YOUR GOAL ::
Repeat the listing below exactly. Pictures do not belong in the copy.

EXERCISE DATA ::
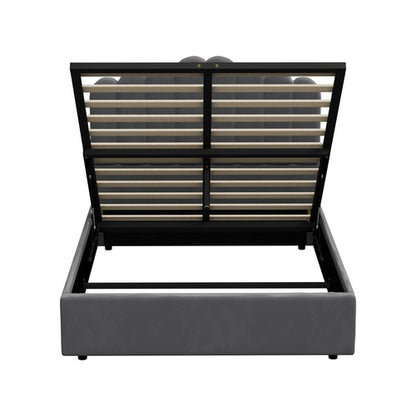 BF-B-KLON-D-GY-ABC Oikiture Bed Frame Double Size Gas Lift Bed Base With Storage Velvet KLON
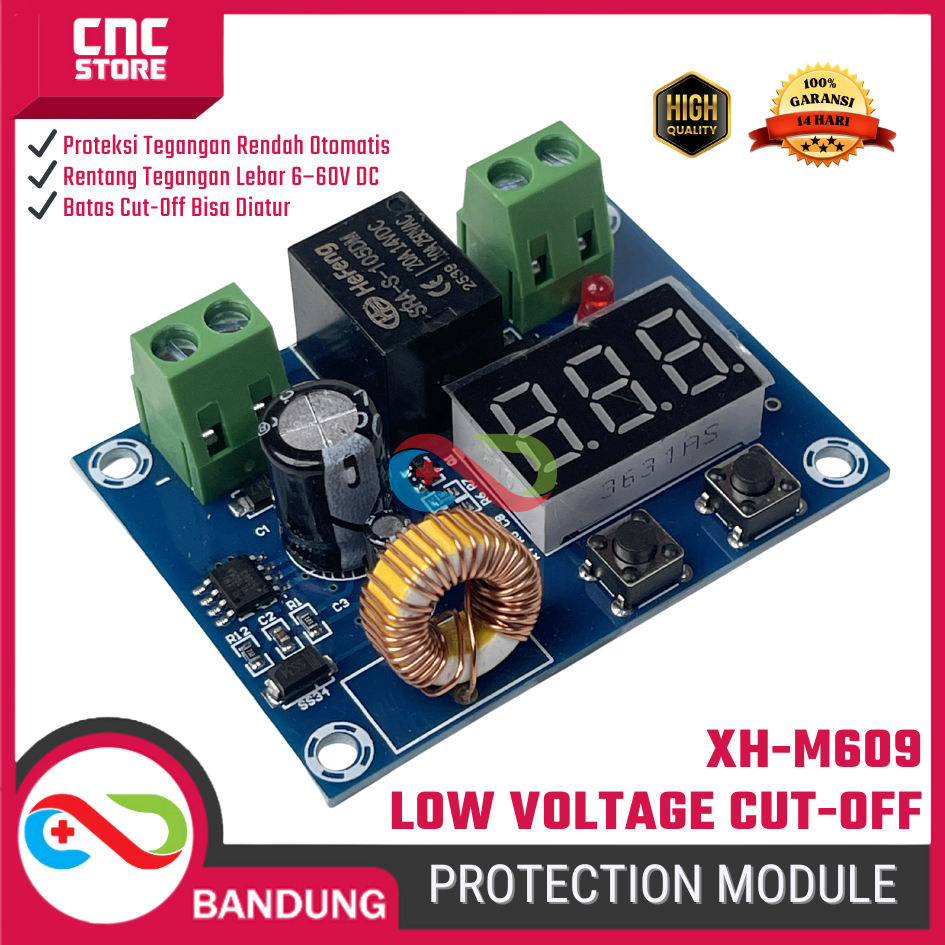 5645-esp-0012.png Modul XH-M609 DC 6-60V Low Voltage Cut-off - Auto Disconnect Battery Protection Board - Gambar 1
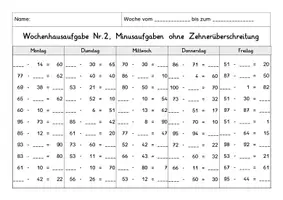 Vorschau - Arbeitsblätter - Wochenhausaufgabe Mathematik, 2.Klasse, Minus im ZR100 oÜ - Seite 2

RESPONSE BOX ::
 BF-B-KLON-D-GY-ABC Oikiture Bed Frame Double Size Gas Lift Bed Base With Storage Velvet KLON
 5645-esp-0012.png Modul XH-M609 DC 6-60V Low Voltage Cut-off - Auto Disconnect Battery Protection Board - Gambar 1
 Vorschau - Arbeitsblätter - Wochenhausaufgabe Mathematik, 2.Klasse, Minus im ZR100 oÜ - Seite 2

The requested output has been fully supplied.